A disinfecting sheet pack characterized by that. In the sterilization sheet pack according to claim 4,
The organic acid is citric acid.
A disinfecting sheet pack characterized by that. In the sterilization sheet pack according to claim 1,
The sheet is a compressed sheet;
A disinfecting sheet pack characterized by that. An inner bag containing an alkaline solution;
A sheet containing an acid component;
Using a disinfecting sheet pack having the inner bag and the outer bag containing the sheet,
In the outer bag,
By breaking the inner bag, the alkaline solution and the acid component in the sheet are brought into contact with each other, and a hypochlorous acid solution is generated by a reaction between the alkaline solution and the acid component,
Impregnating the sheet with hypochlorous acid solution,
A method for producing a disinfecting sheet. In the manufacturing method of the sanitization sheet according to claim 7,
The inner bag is a structure that is broken by a pressing force from the outside.
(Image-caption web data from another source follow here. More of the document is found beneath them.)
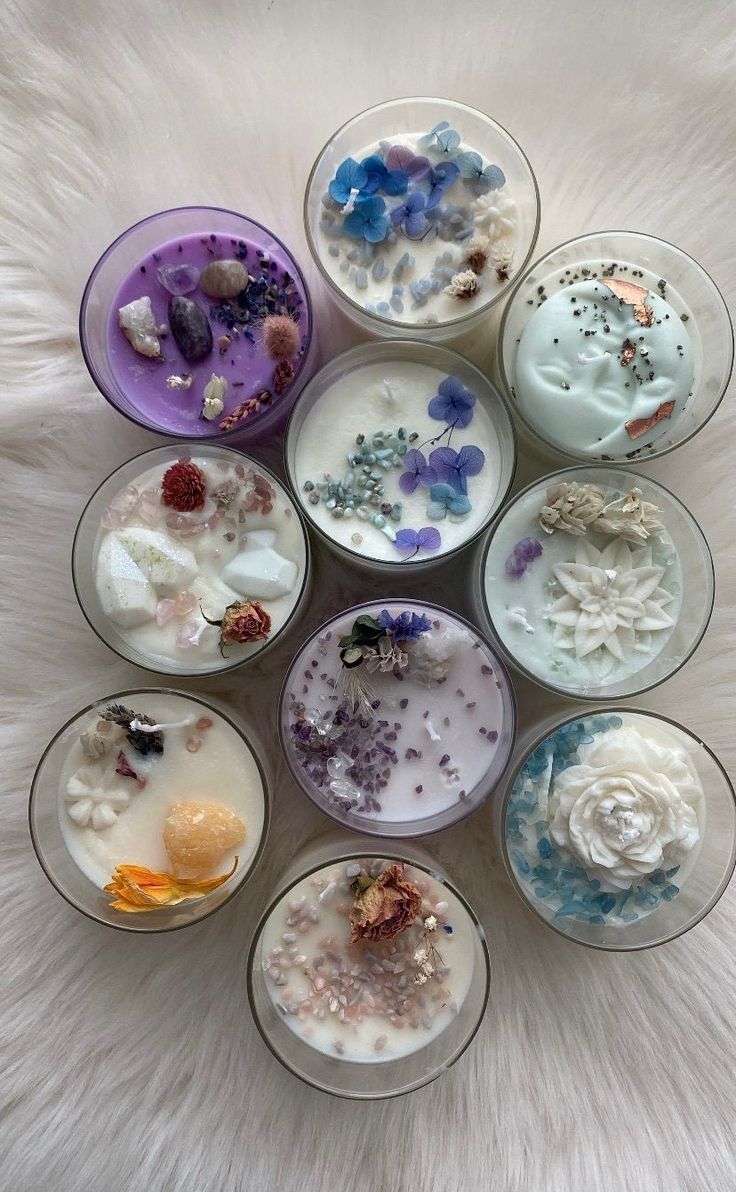 six glass bowls with different types of flowers in them on a white furnishing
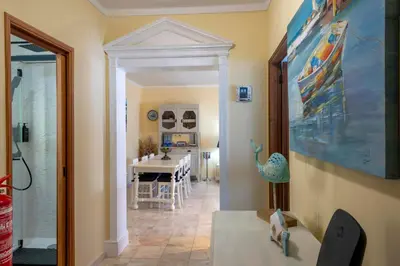 a living room with a table and a dining room at Blue Boat in Quarteira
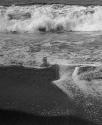 [Waves breaking on beach]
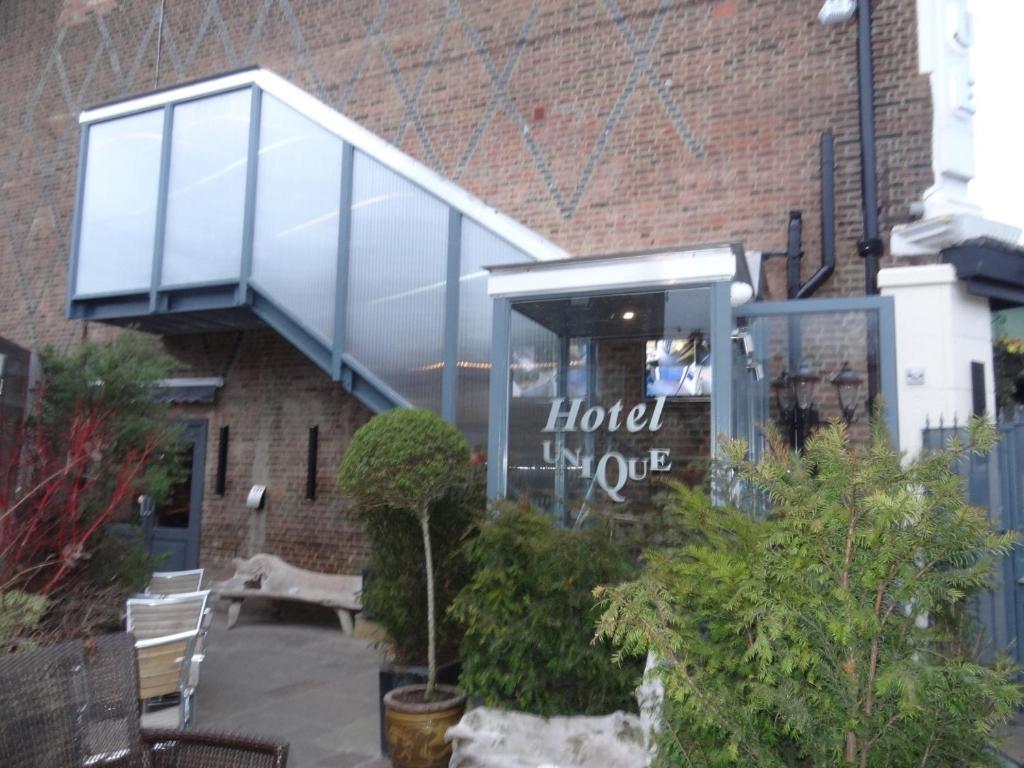 a building with a glass facade with a hotel inside at Hotel Unique in London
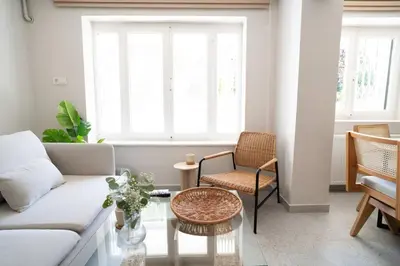 a living room with a couch and a table at 2BR Designed Flat In The Center of Buyukada in Adalar
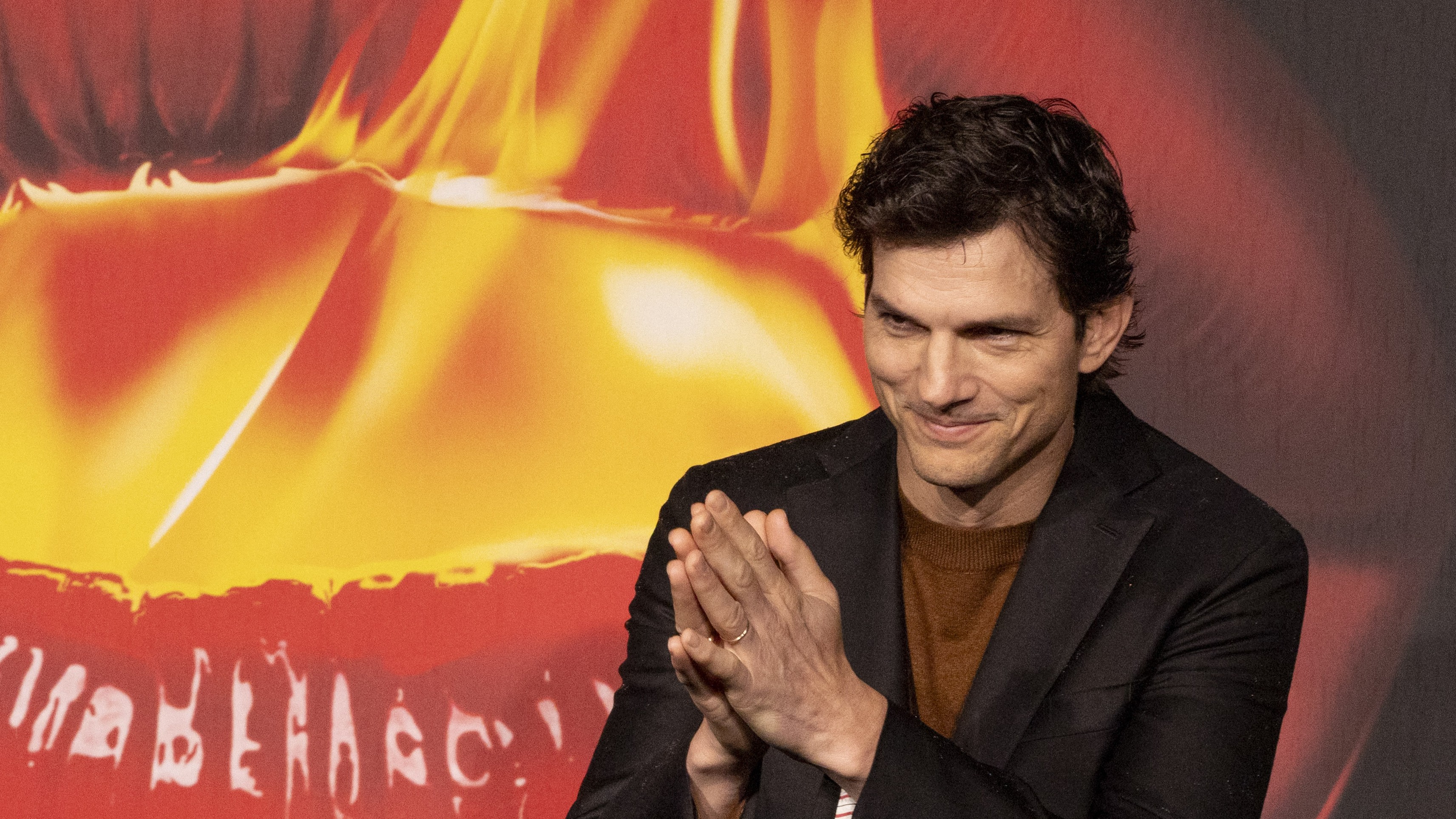 Ashton Kutcher a kezeit összetéve mosolyog egy premiervetítés vörös szőnyegén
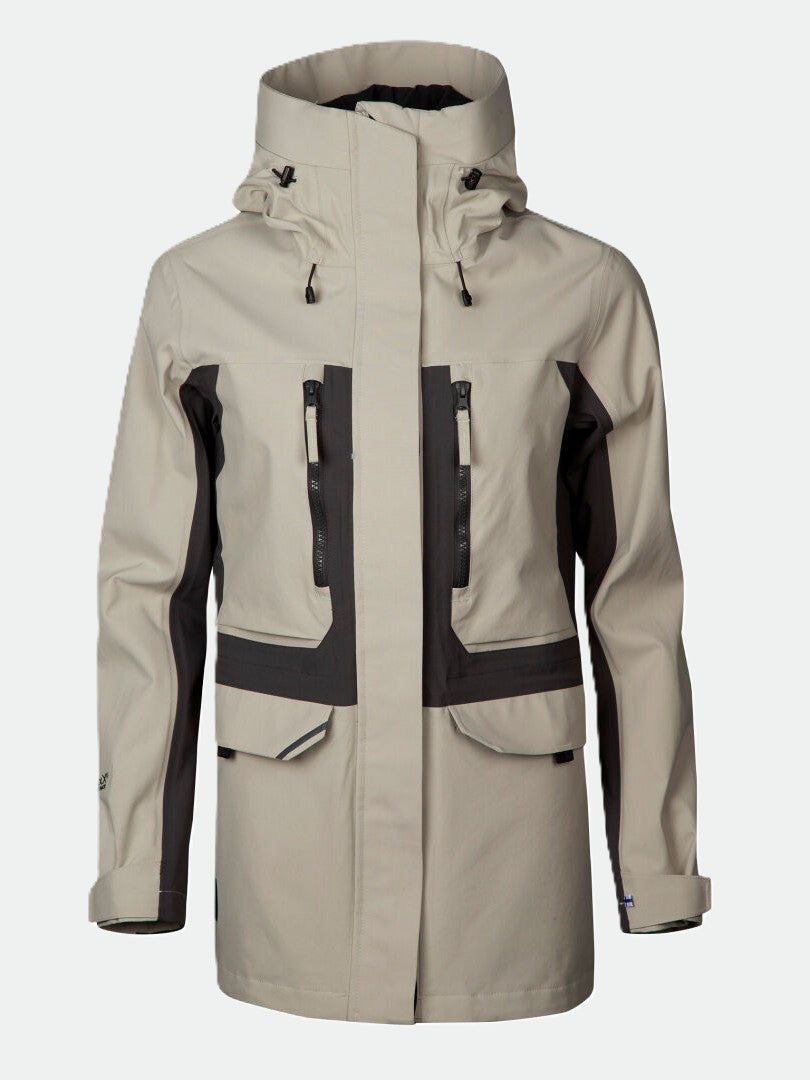 Halti Hiker Womens DrymaxX Parka Jacket in beige/black, hooded, waterproof, with zip pockets shown on plain background.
A method for producing a disinfecting sheet. In the manufacturing method of the sanitization sheet according to claim 7,
The alkaline solution is an aqueous solution of hypochlorite,
A method for producing a disinfecting sheet. In the manufacturing method of the sanitization sheet according to claim 9,
The acid component is an organic acid.
A method for producing a disinfecting sheet. In the manufacturing method of the sanitization sheet according to claim 10,
The organic acid is citric acid.
A method for producing a disinfecting sheet. In the manufacturing method of the sanitization sheet according to claim 7,
The sheet is a compressed sheet;
A method for producing a disinfecting sheet.